Where an intervention takes place under this Part after a decree nisi has been made and it is proved that the petitioner has been guilty of collusion with intent to cause a perversion of justice or that material facts have not been brought before the court, the court may rescind the decree.

 

82. Proceedings not to be taken to be finally disposed of before decree absolute

For the purposes of this Part, where a decree nisi has been made in any proceedings, the proceedings shall not be taken to have been finally disposed of until the decree nisi has become absolute.

 

83. Procedure on intervention

A person intervening under this Part and section 45 shall be deemed to be a party in the proceedings with all the rights, duties and liabilities of a party.

PART XI
APPEALS

 

84   No appeal after decree absolute

An appeal does not lie from a decree of dissolution of marriage or nullity of a voidable marriage after the decree has become absolute.

 

85   Appeals

   (1) A person aggrieved by a decree of the High Court exercising its jurisdiction under this Act may, within such time as may be prescribed by the rules, appeal from the decree to the Supreme Court.

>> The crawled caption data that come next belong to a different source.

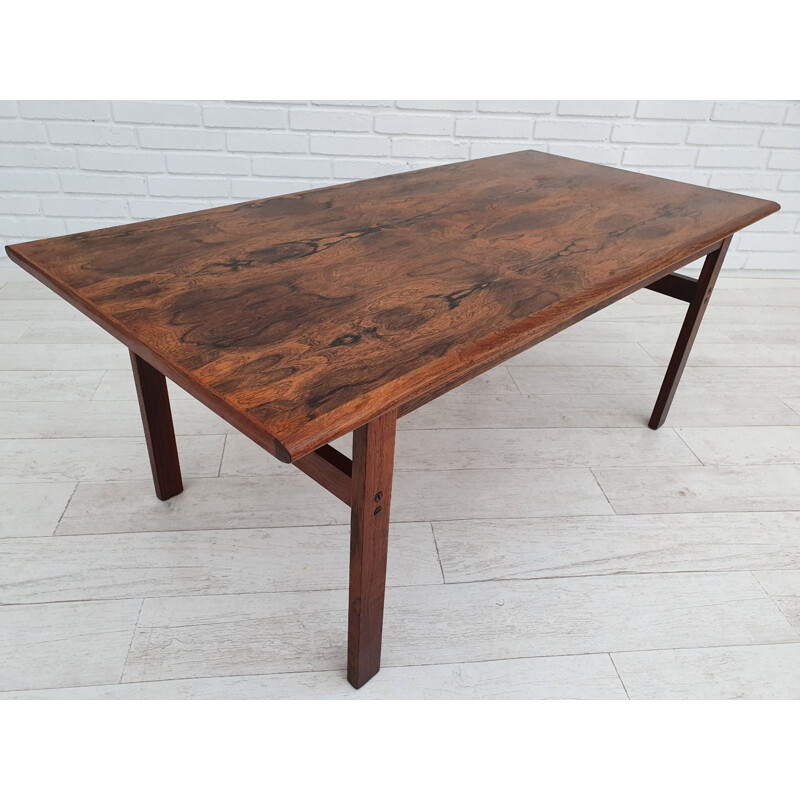 Vintage Danish coffee table, Capella series, by Illum Wikkelsø, 1970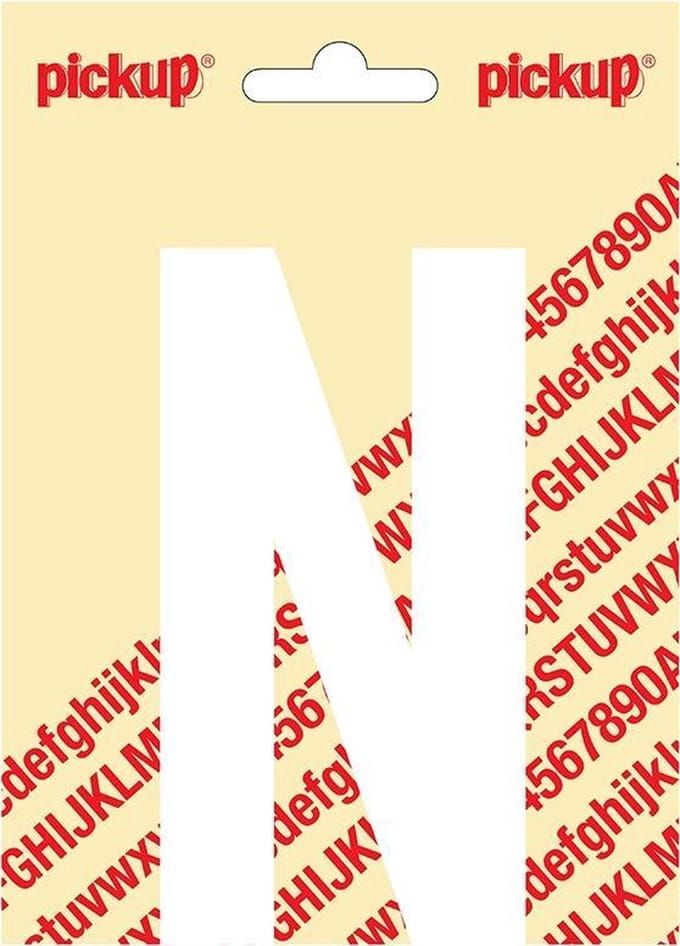 Pickup plakletter Nobel 120mm wit N - 31012120N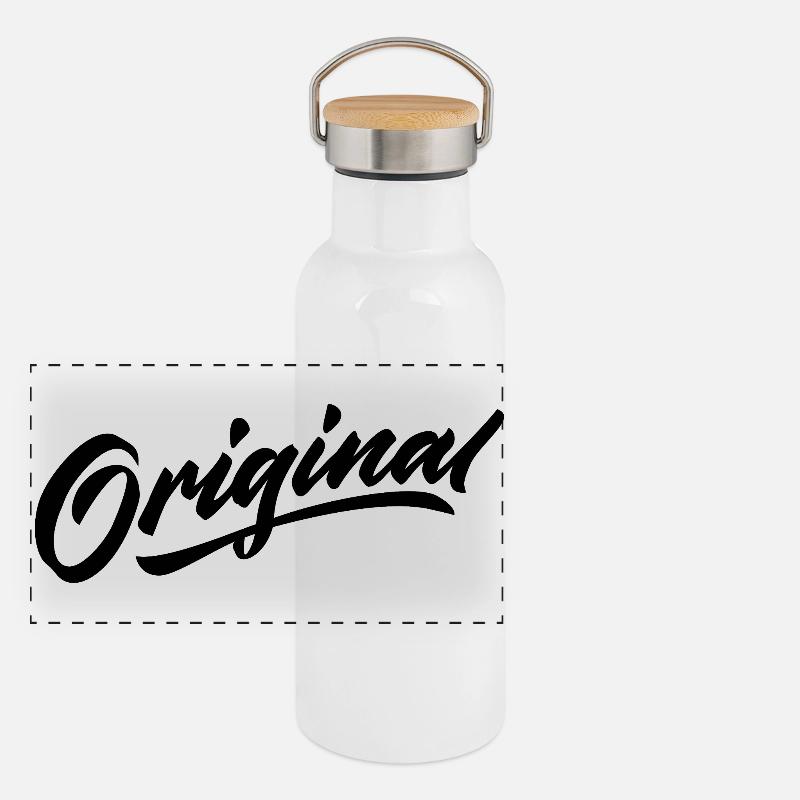Panorama Thermosflasche mit Bambusdeckel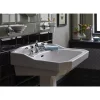 Heritage Bathroom Heritage - Granley Standard Basin & Pedestal - Various Tap Hole Options -Shower Baths Discount pgrw051pgrw09 d3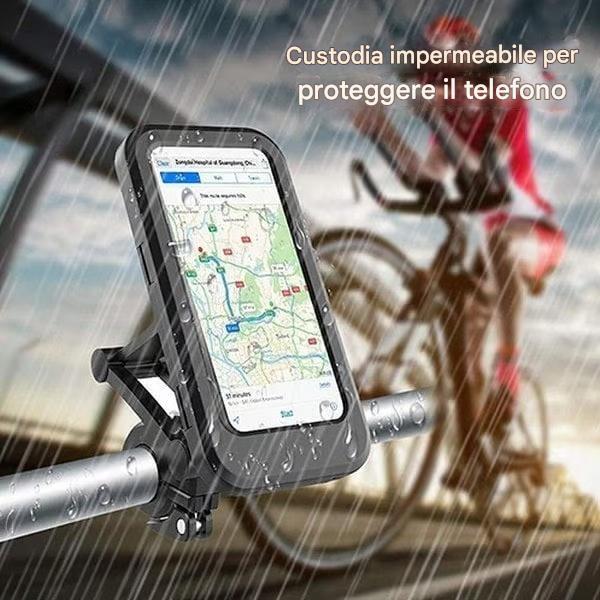🔥🔥 Saldi 49% DI SCONTO🔥🔥Supporto per telefono impermeabile per bicicletta e moto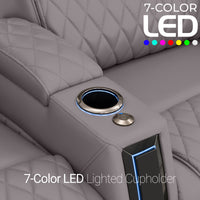 Apex Chaise CoolZeroᵀᴹ Italian Leather Home Theater Seating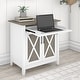 preview thumbnail 21 of 88, Key West Secretary Desk with Storage Cabinet by Bush Furniture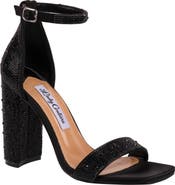 LADY COUTURE Dalia Crystal Embellished Ankle Strap Sandal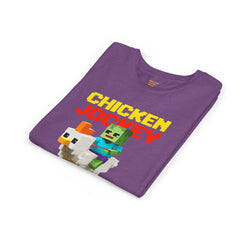 Youth Chicken Jockey Tee - Fun Gamer T-Shirt for Kids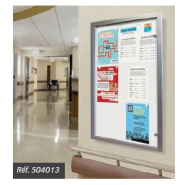 Vitrine d'intérieur ultra-plate ÉCO 100 - 18 mm d'épaisseur - 2 à 9 A4 - Plexi-rigide® 3 mm_1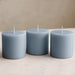 6 Round 3" x 3" Dripless Unscented Pillar Candles
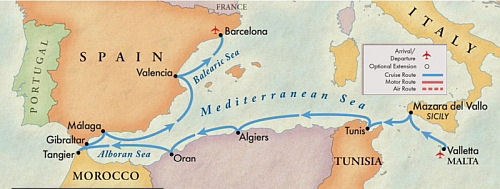 Map of our Destinations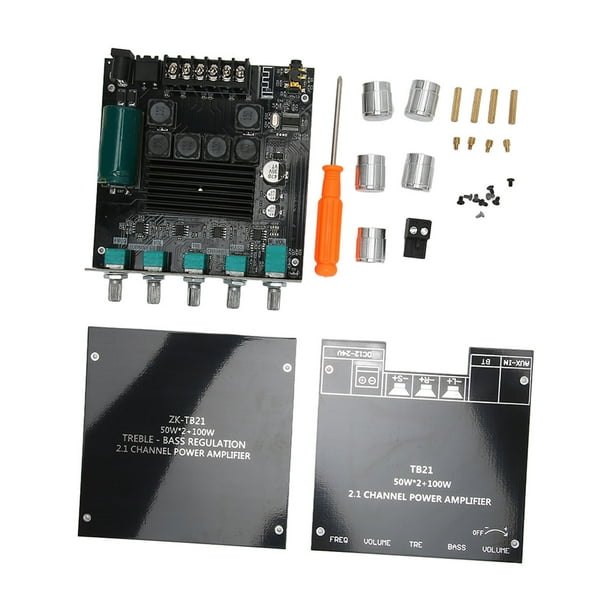 Placa amplificadora de subwoofer Bling Bling digital BT 2.1 canales potencia 50W 100W
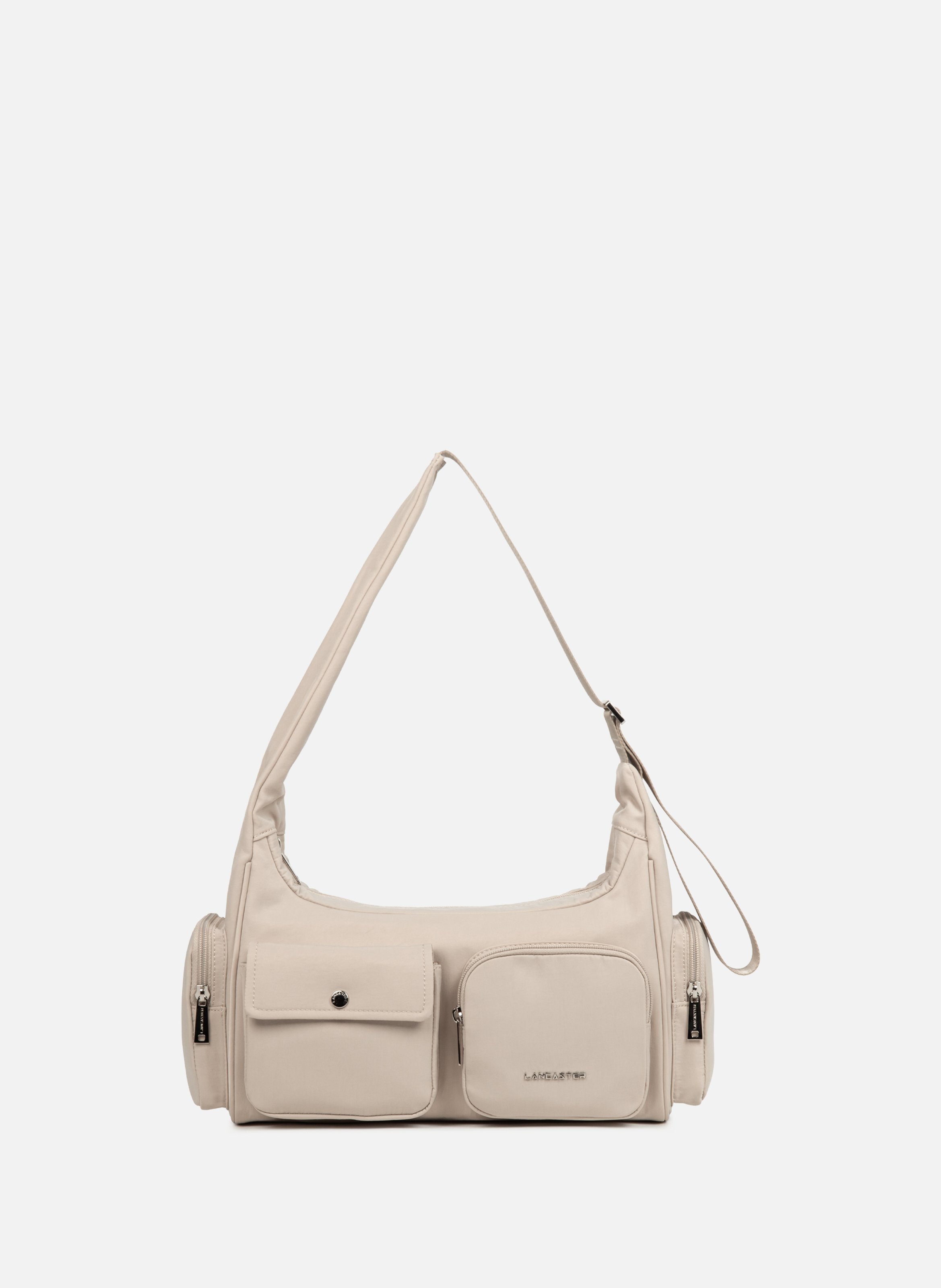 Sac besace - basic pocket  Beige fumé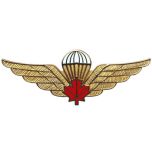 Parachutist Wing, Red Maple Leaf, Metal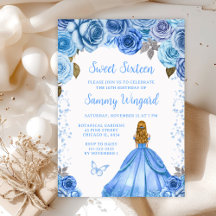 Baby Blue Floral Confetti Princess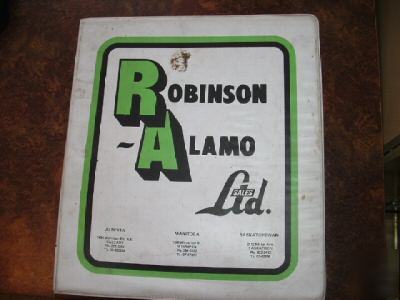 Dealer catalogue, robinson alamo, 1984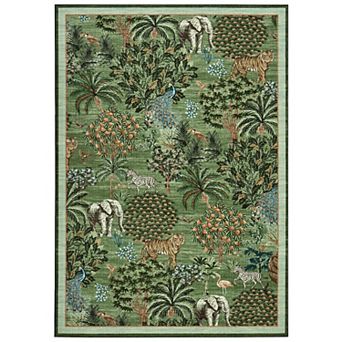 Fashionwu Modern Home Decor Animal Living Room Easy to Clean Stain Resistant Area Rug for Bathroom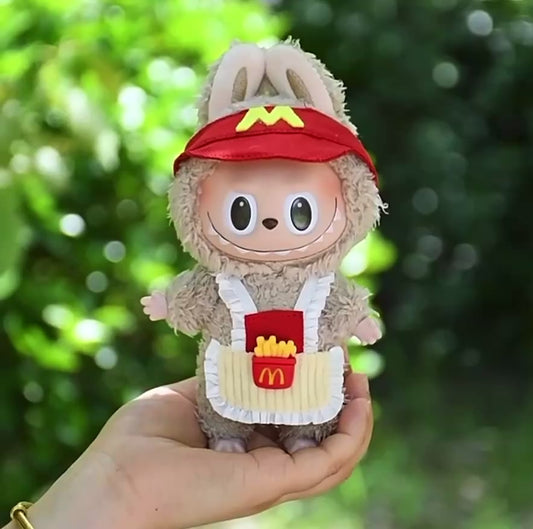 Labubu Mcdonalds Staff Outfit| Perfect Gift| Apron & Hat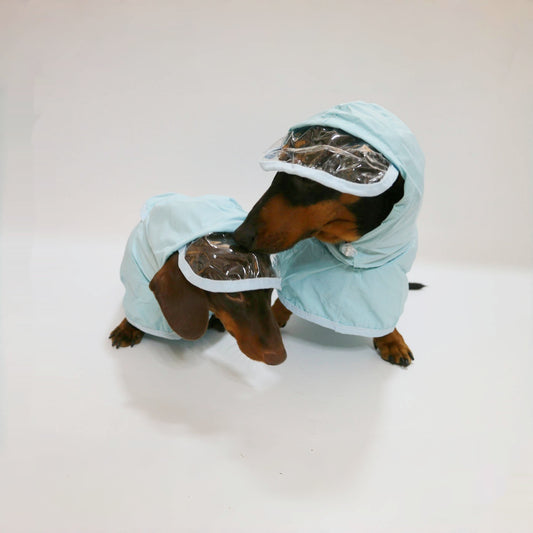 Dog Waterproof Hooded Poncho Raincoat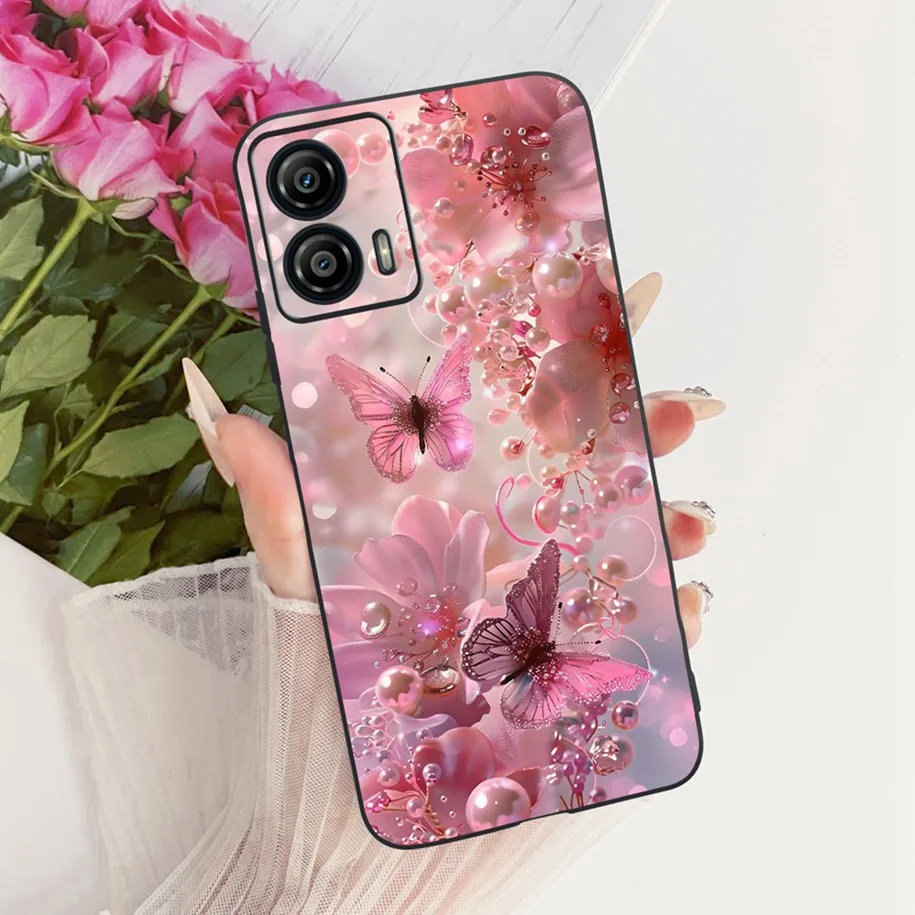 Stylish Butterfly Flower Soft Silicone Phone Case Cover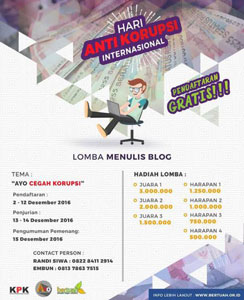 Blogger Bertuah Pekanbaru Gelar Lomba Penulisan Blog Bertema Cegah Korupsi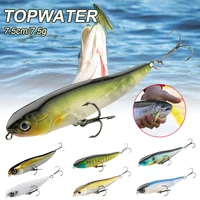 7 colors pencil lure walking bait floating lure fishing bait 3 fold rendering technology hard lure saltwater fishing accessories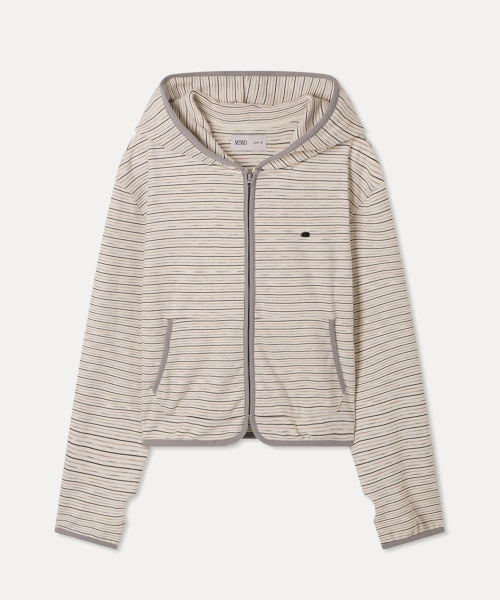 MIXXO MIXXO Hoodie Striped Fleece Zip-Up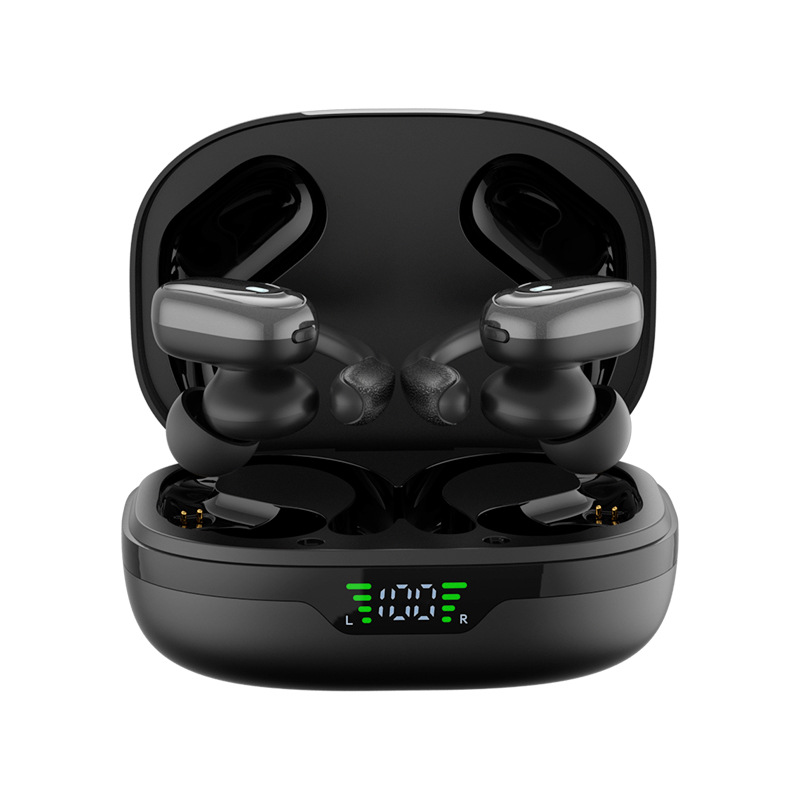 Bluetooth 5.3 Sport Earbuds with Mic, LED Case & 75H Playback – 1+1 FREE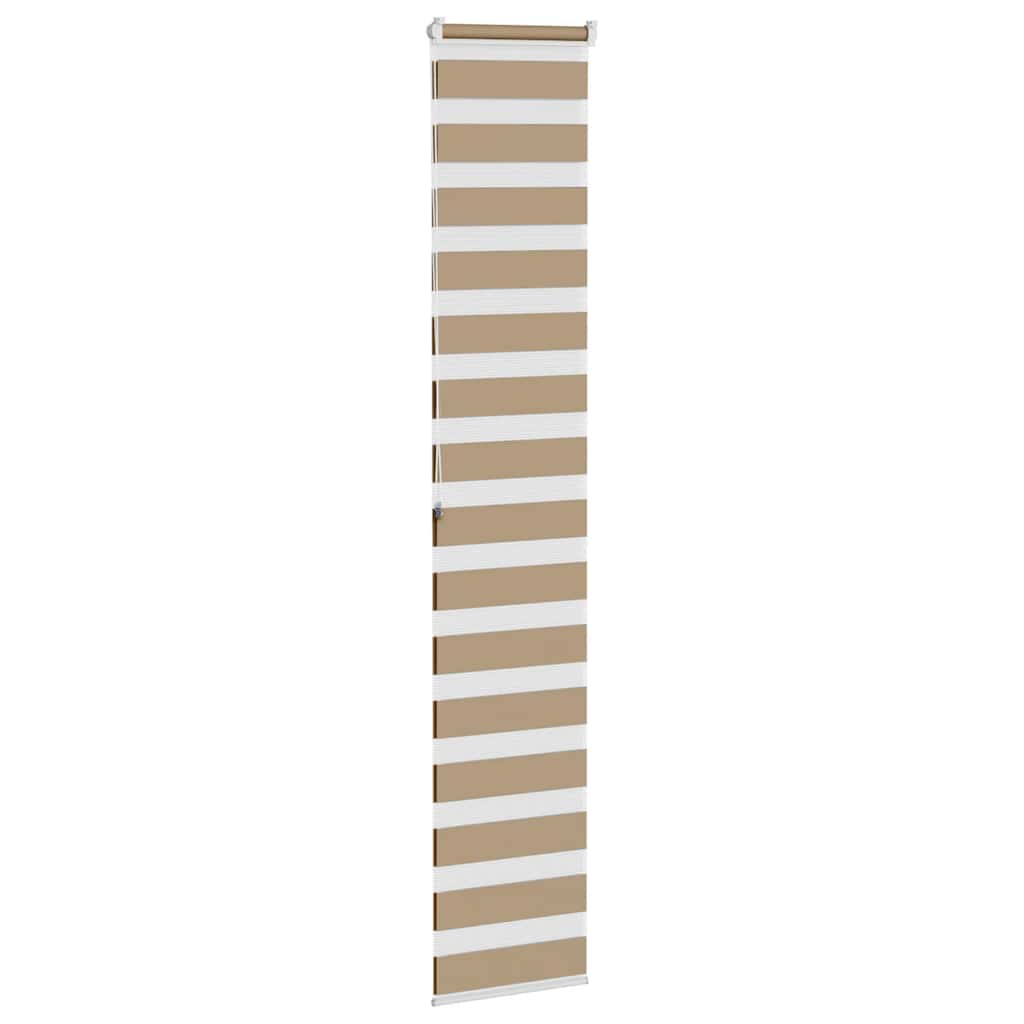 vidaXL Store zèbre marron sable largeur du tissu 35,9 cm polyester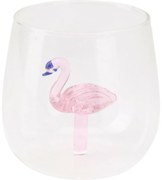 Pohár na pitie Plameniak 400 ml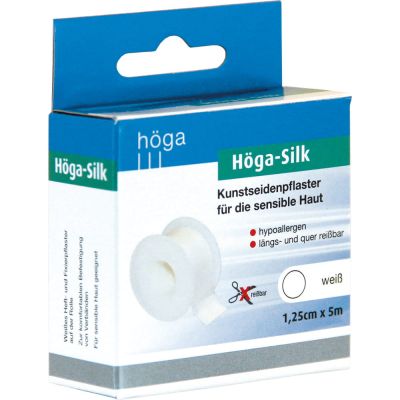 HÖGA-SILK Pflaster 1,25 cmx5 m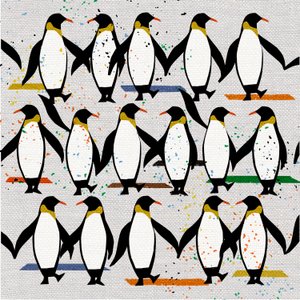 Dancing Penguins, 2022 (blandet media)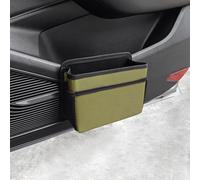 Wodsty Car Trash Can for Car Storage Foldable Door Side Hanging Bin with Large Capacity Pu Leather Seat Back organizer for Travel Black/Red/Beige/Grey/Army Green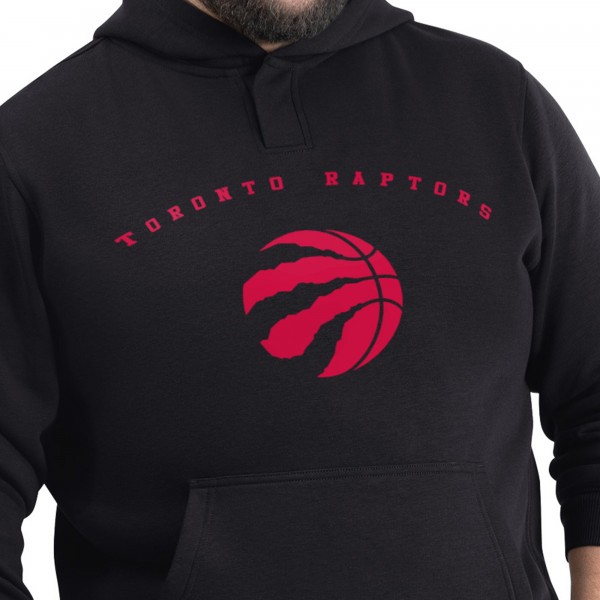 Toronto Raptors G-III Sports by Carl Banks Black Adaptive Team Arc Fleece Hoodie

   (2) Upon an appeal under this section, the Supreme Court may affirm, reverse or vary the decree appealed against, and may—

      (a)   make such decree as in its opinion should have been made at first instance or on appeal, as the case may be; or

      (b)   order a rehearing at first instance on such terms and conditions, if any, as it thinks fit.

PART XII
RECOGNITION OF FOREIGN DECREES

 

86   Recognition of decrees made outside Zambia

   (1) A dissolution or annulment of marriage effected in accordance with the law of a foreign country shall be recognized as valid in Zambia where, at the date of the institution of the proceedings that resulted in the dissolution or annulment of marriage, the party at whose instance the dissolution or annulment was effected, or if it was effected at the instance of both parties, either of those parties was—

      (a)   in the case of the dissolution of a marriage or the annulment of a voidable marriage, domiciled in that foreign country; or

      (b)   in the case of the annulment of a void marriage, domiciled or resident in that foreign country.

   (2) For the purposes of sub-section (1)—

      (a)   where a dissolution of a marriage was effected in accordance with the law of a foreign country at the instance of a deserted wife who was domiciled in that foreign country either immediately before her marriage or immediately before the desertion, she shall be deemed to have been domiciled in that foreign country at the date of the institution of the proceedings that resulted in the dissolution; and

      (b)   a wife who, at the date of the institution of the proceedings that resulted in a dissolution or annulment of her marriage in accordance with the law of a foreign country, was resident in that foreign country, and had been so resident for a period of three years immediately preceding that date shall be deemed to have been domiciled in that foreign country at that date.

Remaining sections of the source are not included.